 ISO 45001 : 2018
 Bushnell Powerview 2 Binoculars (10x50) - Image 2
====
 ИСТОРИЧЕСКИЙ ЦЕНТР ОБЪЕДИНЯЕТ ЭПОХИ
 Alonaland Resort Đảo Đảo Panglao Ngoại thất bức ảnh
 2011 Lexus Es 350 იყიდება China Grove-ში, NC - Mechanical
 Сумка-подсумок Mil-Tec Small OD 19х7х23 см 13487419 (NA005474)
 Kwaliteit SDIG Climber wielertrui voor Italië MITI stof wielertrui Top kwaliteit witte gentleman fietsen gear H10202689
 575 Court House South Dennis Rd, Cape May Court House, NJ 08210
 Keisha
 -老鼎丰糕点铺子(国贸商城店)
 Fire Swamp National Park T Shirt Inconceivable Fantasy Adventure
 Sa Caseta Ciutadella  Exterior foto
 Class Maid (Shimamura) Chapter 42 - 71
====
◆ Work to be completed
Transcribe the records above exactly, beginning at the line that contains "ISO 45001 : 2018" and ending with the line that contains "Bushnell Powerview 2", both included, and nothing else.

◆ Solution to this exercise
 ISO 45001 : 2018
 Bushnell Powerview 2 Binoculars (10x50) - Image 2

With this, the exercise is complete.